特集

【都市情景撮影の基本④】パンフォーカス描写で、街の風景は撮るのが最適!

高層ビルやシンボリックなタワーなどのランドマークから路上や路地といった街の情景まで、都会ならではの被写体の撮影方法を、これまでたくさんご紹介しておりますが、今回は、撮影時のカメラの設定やレンズの選び方、太陽光の撮影での取り入れ方など、基本的なテクニックやコツをご紹介いたします。
 

撮影:藤井智弘

 
広い都市風景の手前から奥まできちんとシャープにピントを合わせたいときや、逆にメインの被写体だけをシャープに捉えて背景はぼかしたいときなどは、絞りのコントロールが必要です。

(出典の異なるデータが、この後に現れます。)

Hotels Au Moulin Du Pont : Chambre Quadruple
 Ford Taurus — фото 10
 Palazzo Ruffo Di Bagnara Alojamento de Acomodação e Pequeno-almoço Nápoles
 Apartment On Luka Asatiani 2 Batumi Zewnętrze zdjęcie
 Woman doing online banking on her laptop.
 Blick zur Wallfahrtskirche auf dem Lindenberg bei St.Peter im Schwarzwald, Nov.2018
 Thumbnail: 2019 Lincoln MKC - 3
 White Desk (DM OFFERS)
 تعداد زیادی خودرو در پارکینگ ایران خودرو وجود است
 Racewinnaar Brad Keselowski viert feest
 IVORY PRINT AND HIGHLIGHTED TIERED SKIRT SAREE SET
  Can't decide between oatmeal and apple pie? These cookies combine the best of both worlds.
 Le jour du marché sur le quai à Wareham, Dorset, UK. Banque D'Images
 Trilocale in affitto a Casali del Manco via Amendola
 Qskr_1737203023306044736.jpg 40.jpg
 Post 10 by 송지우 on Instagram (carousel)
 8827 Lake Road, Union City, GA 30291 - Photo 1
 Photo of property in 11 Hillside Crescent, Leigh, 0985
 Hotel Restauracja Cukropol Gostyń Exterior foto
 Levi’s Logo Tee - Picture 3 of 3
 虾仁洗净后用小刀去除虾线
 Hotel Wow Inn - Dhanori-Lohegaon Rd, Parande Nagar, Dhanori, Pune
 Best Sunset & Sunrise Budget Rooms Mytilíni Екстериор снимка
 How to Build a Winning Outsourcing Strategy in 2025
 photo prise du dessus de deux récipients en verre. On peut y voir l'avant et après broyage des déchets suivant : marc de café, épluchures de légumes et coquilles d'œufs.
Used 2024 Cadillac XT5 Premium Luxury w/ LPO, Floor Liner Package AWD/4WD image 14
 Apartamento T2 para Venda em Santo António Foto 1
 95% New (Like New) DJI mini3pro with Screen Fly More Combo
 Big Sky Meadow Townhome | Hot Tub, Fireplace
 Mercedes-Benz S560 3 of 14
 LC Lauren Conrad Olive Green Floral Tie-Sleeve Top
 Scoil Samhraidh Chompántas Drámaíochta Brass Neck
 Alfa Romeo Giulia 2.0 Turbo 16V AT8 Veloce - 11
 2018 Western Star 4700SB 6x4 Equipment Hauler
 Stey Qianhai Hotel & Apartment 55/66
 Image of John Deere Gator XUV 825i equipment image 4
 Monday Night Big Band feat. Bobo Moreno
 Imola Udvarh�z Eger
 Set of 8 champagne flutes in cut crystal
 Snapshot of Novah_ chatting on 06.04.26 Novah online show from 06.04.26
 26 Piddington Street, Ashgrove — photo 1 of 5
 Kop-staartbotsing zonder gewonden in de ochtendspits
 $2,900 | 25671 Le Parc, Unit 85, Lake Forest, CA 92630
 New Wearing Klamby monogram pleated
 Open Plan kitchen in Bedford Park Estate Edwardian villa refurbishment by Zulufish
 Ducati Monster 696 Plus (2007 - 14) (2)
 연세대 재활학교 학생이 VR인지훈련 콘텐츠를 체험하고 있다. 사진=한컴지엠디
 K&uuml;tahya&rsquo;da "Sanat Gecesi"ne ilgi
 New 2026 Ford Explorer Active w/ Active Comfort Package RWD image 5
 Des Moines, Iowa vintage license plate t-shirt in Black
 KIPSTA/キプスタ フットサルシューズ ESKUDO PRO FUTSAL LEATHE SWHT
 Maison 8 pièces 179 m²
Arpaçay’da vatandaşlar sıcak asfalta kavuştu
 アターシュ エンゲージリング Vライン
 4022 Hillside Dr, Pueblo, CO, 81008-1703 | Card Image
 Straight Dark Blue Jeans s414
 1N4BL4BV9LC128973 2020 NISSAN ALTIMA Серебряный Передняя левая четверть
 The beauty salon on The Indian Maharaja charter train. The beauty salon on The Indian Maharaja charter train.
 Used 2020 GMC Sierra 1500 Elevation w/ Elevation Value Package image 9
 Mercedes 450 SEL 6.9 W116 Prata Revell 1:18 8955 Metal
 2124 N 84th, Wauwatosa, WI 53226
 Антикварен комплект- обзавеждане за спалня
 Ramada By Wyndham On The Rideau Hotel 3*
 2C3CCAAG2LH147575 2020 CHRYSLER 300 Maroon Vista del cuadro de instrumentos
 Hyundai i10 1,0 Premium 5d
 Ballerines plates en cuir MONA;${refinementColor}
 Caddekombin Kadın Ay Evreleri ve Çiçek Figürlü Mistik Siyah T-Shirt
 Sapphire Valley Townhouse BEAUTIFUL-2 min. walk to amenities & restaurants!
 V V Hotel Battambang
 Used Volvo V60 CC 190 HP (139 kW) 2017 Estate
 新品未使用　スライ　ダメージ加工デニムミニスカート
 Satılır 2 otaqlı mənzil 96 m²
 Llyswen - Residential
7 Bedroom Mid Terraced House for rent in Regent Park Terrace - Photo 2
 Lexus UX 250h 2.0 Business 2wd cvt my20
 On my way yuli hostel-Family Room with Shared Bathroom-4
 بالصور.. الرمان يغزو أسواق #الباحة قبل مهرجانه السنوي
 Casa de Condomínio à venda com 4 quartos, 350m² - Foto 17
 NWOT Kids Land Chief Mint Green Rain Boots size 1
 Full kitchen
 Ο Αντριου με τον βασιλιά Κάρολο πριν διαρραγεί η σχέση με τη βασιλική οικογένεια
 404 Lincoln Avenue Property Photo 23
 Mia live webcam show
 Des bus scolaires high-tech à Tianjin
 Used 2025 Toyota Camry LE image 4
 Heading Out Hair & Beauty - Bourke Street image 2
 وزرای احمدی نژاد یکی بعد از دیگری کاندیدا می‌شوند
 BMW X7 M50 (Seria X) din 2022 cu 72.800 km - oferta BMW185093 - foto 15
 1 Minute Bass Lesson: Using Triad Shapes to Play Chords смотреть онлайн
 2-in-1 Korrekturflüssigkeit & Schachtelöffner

絞りは「F値」で表現されており、F4やF5.6など「F○」と表されます。選択できるF値の範囲はレンズによって異なりますが、この数値が小さいほどピントの合って見える範囲が狭くなり、被写体だけをシャープに捉えて背景をぼかすことができます。反対に、数値が大きくなるほどピントの合って見える範囲が広くなり、画面の手前から奥までをシャープに写しやすくなります。
なお、F値を小さくすることを「絞りを開ける」、F値を大きくすることを「絞りを絞る」といいます。背景のぼけた写真が撮りたいときは絞りを開け、風景全体を見せたいときは絞りを絞るのが基本です。
 
 

●絞りでピントの合う範囲を調整する

 

 
絞りを開ける
ボケを生かしたいときは絞りを開ける
絞りF4を選択し、花にピントを合わせて撮影。背景や手前の葉が大きくぼけて写り、花を際立たせることができた。
 
絞りを絞る
画面全体をしっかり見せたいときは絞りを絞る
絞りをF16にすると、背景も手前の葉もぼけてはいるものの、ボケ具合は小さくなった。背景の建物や紅葉も認識できる。
 

撮影:藤井智弘

 
都市の情景にはパンフォーカス描写が最適
40ミリレンズを使い、絞りF11にセット。商店街の光景とその奥に見えるスカイツリーの両方、画面全体をシャープに捉えることができた。このように、絞りを絞って画面全体をシャープに見せることを「パンフォーカス」と呼ぶ。
 
絞りを開けて、メインの被写体の前後をぼかしたりすると、被写体を際立たせることが可能になります。また、奥行きを出せます。逆に、風景全体を見せたいときは、絞りを絞って、シャープな撮影を行いましょう。